> **DIRECTIONS**
Omitting the images, transcribe the records below exactly as they stand.

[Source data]
+++++
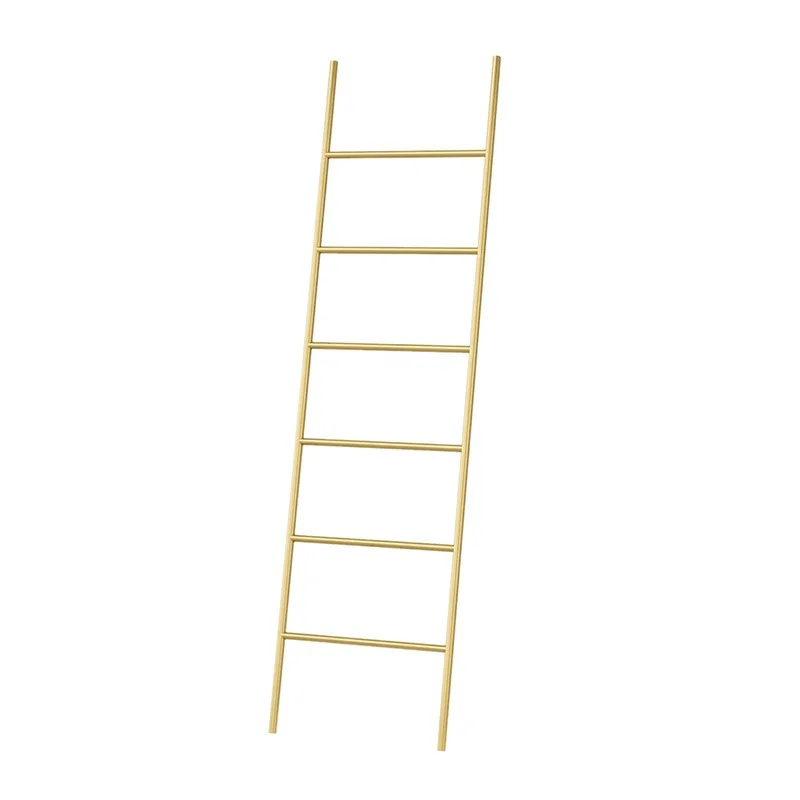 

Nordic towel rack simple bedroom wrought iron against the wall coat rack floor-to-ceiling ladder-shaped clothes storage rack han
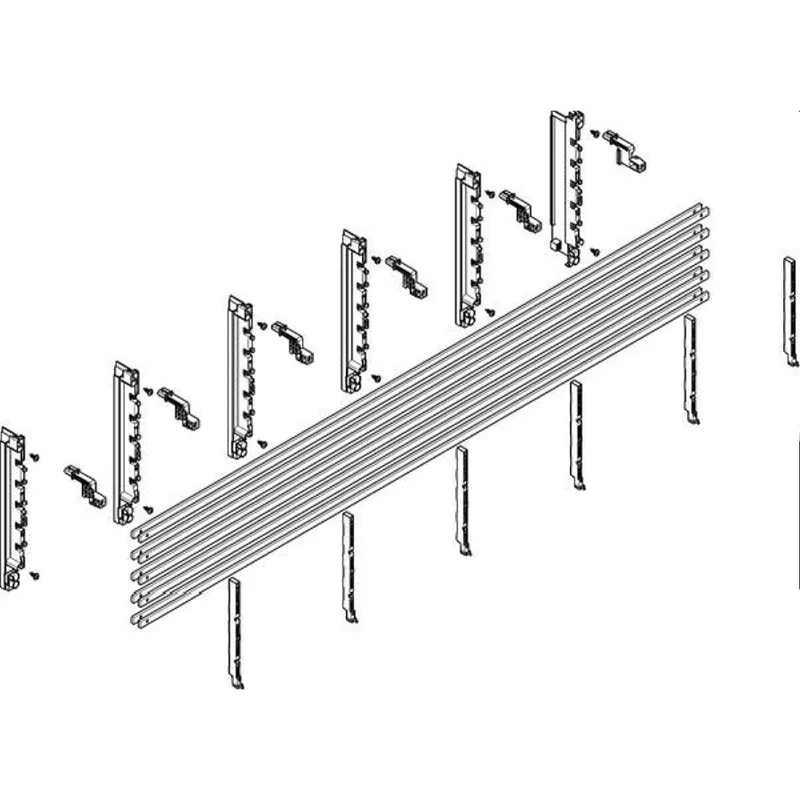 ABN Sammelschienenmodul tief 40mm mit CU 12x5mm 5polig 70mm MTSC52535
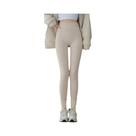 Leggings Femininas De Cintura Alta Para Inverno 420g 92% Algodão Fleece Acolchoadas Quentes Calças Leggings Femininas De Cintura Alta Para Inverno 420g 92% Algodão Fleece Acolchoadas Quentes Calças
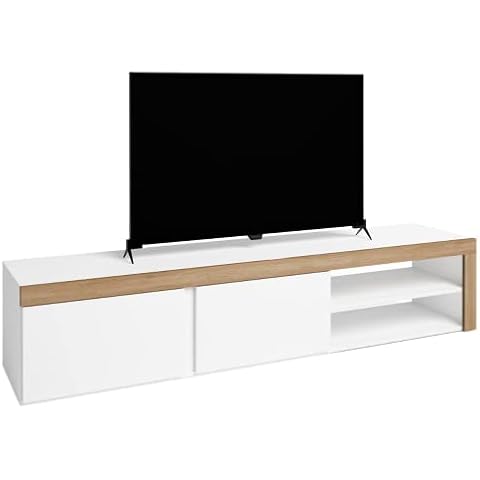 Fabrikit Mesa para TV Fly Ancho 180 cm 2 Puertas y 2 Huecos Cover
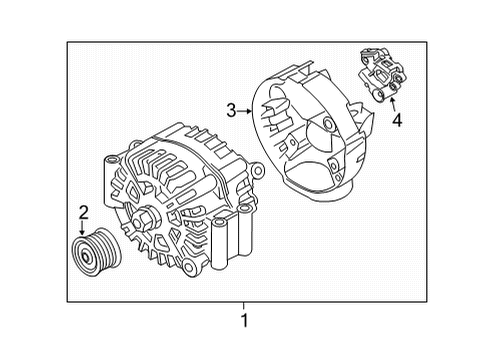 2022 BMW X6 M Alternator Diagram 3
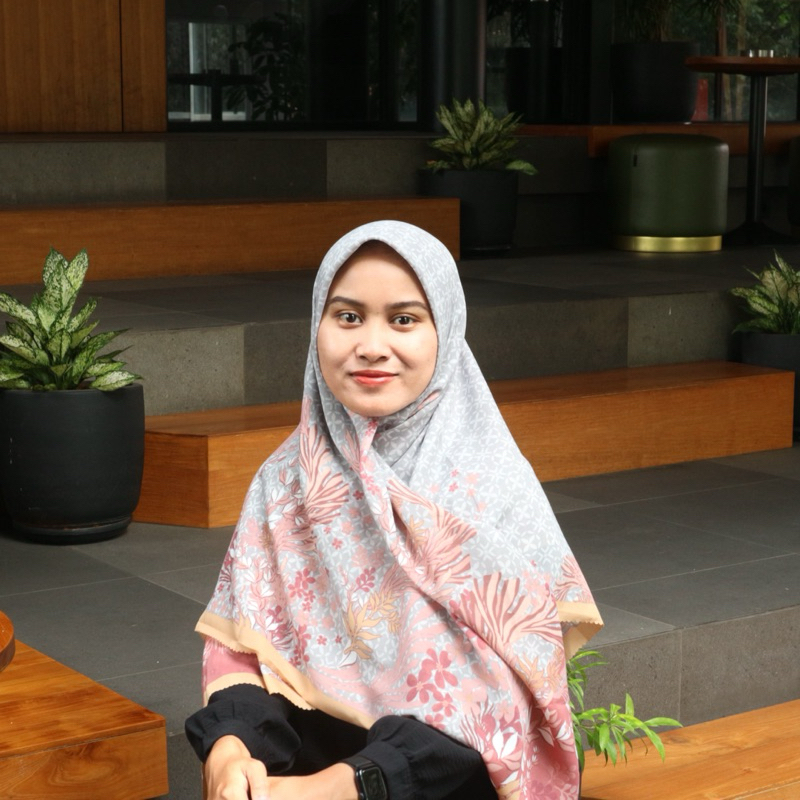 Nooré Zafrina Scarf - Hijab Segiempat Motif Premium Voal Lasercut - Ukuran 130x130cm Jumbo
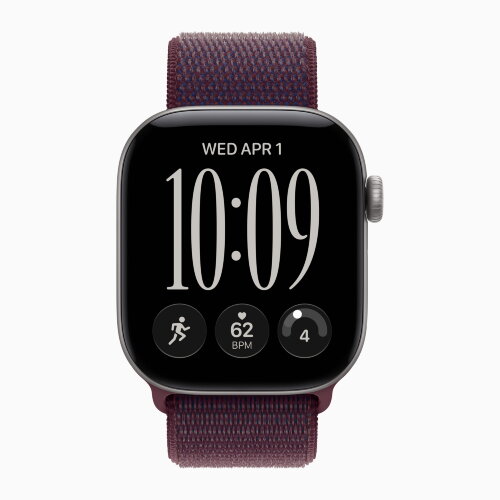 Apple Watch Series 12 42mm, Space Gray Aluminum Case with Sport Loop - Burgundy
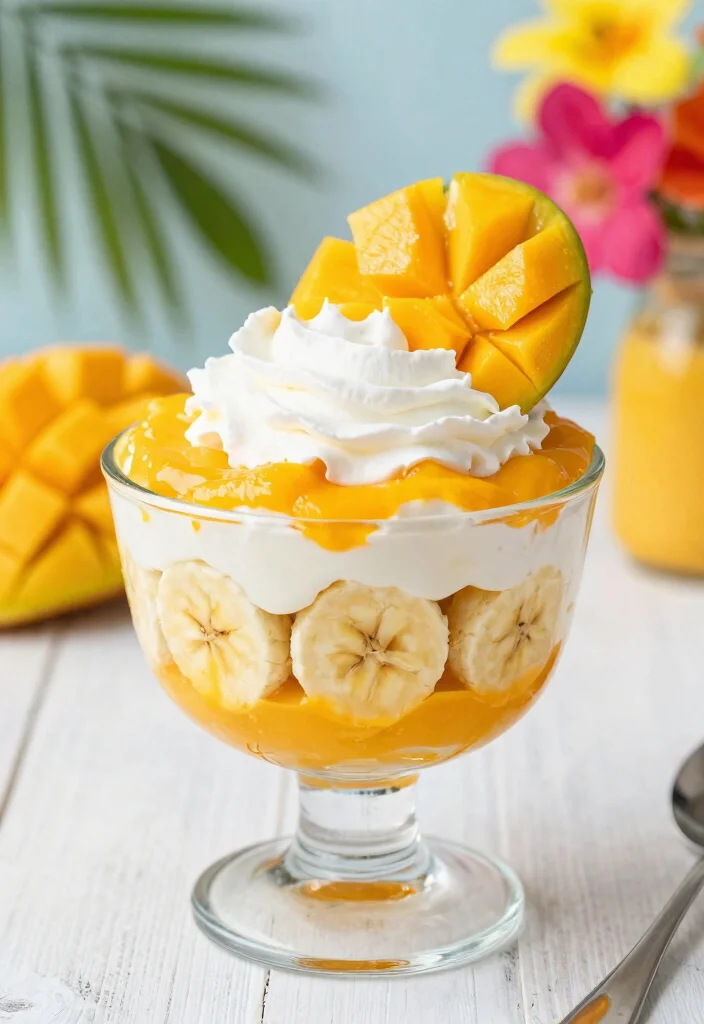 18 Southern Banana Pudding Recipe Ideas: Traditional Crowd Favorites - 5. Mango Banana Pudding Fusion 1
+++++
> **REPLY TO THE TASK**
Nordic towel rack simple bedroom wrought iron against the wall coat rack floor-to-ceiling ladder-shaped clothes storage rack han
 ABN Sammelschienenmodul tief 40mm mit CU 12x5mm 5polig 70mm MTSC52535
 Leggings Femininas De Cintura Alta Para Inverno 420g 92% Algodão Fleece Acolchoadas Quentes Calças Leggings Femininas De Cintura Alta Para Inverno 420g 92% Algodão Fleece Acolchoadas Quentes Calças
 Fabrikit Mesa para TV Fly Ancho 180 cm 2 Puertas y 2 Huecos Cover
 2022 BMW X6 M Alternator Diagram 3
 Nooré Zafrina Scarf - Hijab Segiempat Motif Premium Voal Lasercut - Ukuran 130x130cm Jumbo
 Apple Watch Series 12 42mm, Space Gray Aluminum Case with Sport Loop - Burgundy
 18 Southern Banana Pudding Recipe Ideas: Traditional Crowd Favorites - 5. Mango Banana Pudding Fusion 1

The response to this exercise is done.